The resultant microscopic capsule dispersion was white in color. The above procedure was followed without using any metal ion sequestering agent, resulting in the provision of a microscopic capsule dispersion which was colored slightly blue.
EXAMPLE 21
The procedure of Example 10 was followed except for the employment of diisopropylnaphthalene containing as dyestuffs 3% by weight of crystal violet lactone and 1.5% by weight of 4,4'-dimethylamino-4"-N-phenyl-N-methylamino-triphenylmethane. The resultant microscopic capsule dispersion had white color. The above procedure was followed without using any metal ion sequestering agent. The resulting microscopic capsule dispersion was colored blue.
EXAMPLE 22
12.6 Parts of diisopropylnaphthalene containing 4% by weight of leuco crystal violet (4,4',4"-tris-dimethylaminotriphenylmethane) and 25 parts of a 6% aqueous solution of acid-treated gelatin containing 0.2 parts of disodium ethylenediamine tetraacetate were combined together and emulsified with stirring at 55.degree. C. in a homo-mixer.

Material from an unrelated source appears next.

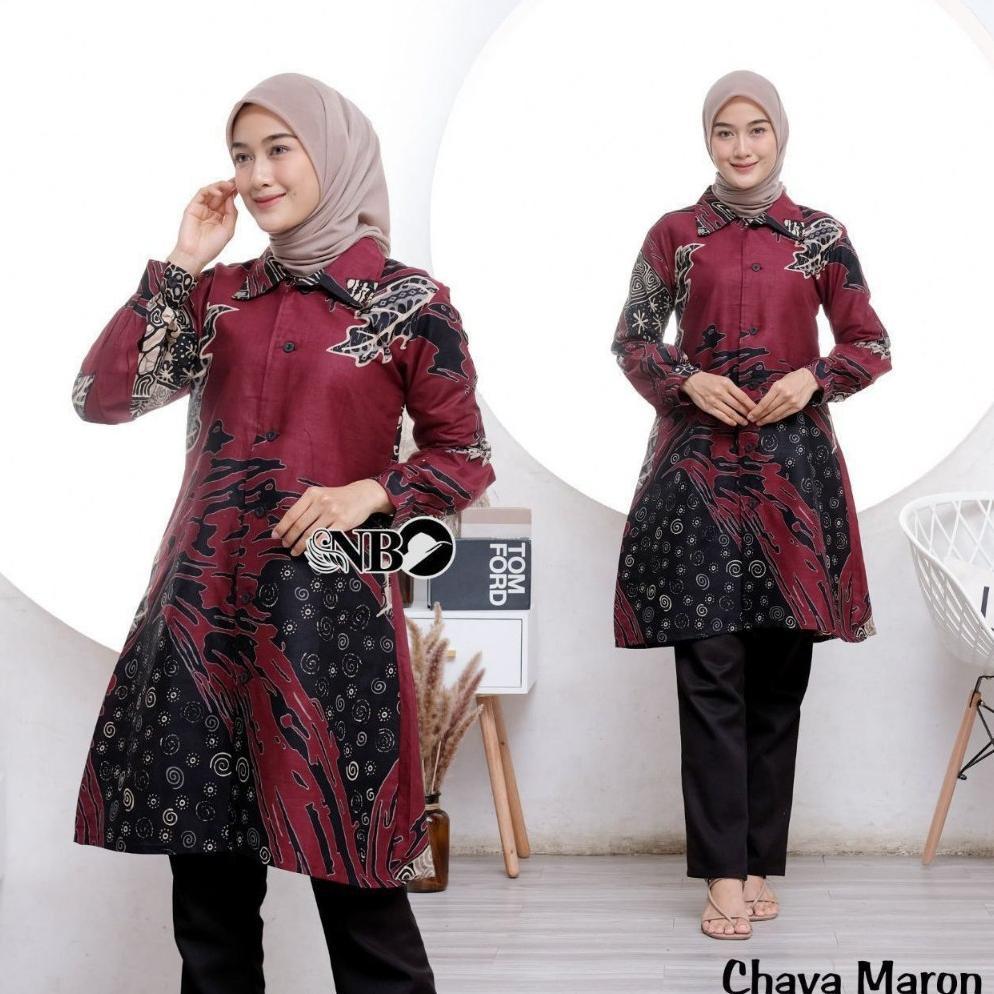 Terlaris Atasan Wanita Muslim Tunik Batik Tunik Modern Baju Batik Atasan Wanita
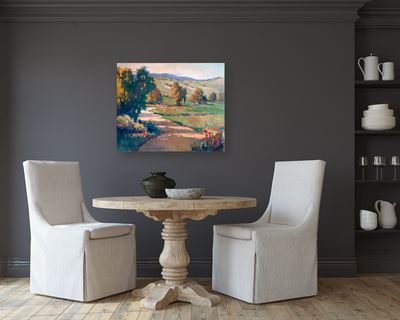 Tuscan Meadow Artist Enhanced Canvas Print by John Beard Collection - product image 4 for Resin Society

While continuing the stirring, 50 parts of a 1% aqueous solution of carboxymethylcellulose (average polymerization degree: 160; etherification degree: 0.70) were incorporated. The resulting liquid mixture was diluted with 30 parts of warm water, followed by a pH adjustment to 4.3 with acetic acid to induce coacervation. Then, while continuing the stirring, the temperature of the liquid mixture was cooled down to 8.degree.-9.degree. C. to gel the coacervate capsule walls. After adding 1.75 parts of a 37% aqueous solution of formaldehyde, the pH of the resultant liquid mixture was adjusted to 10.5 by slowly dropping an aqueous 10% caustic soda solution, thereby hardening the coacervate capsule walls. The temperature of the liquid mixture was raised to 40.degree. C. and then allowed to drop to room temperature, resulting in the completion of the microencapsulation step.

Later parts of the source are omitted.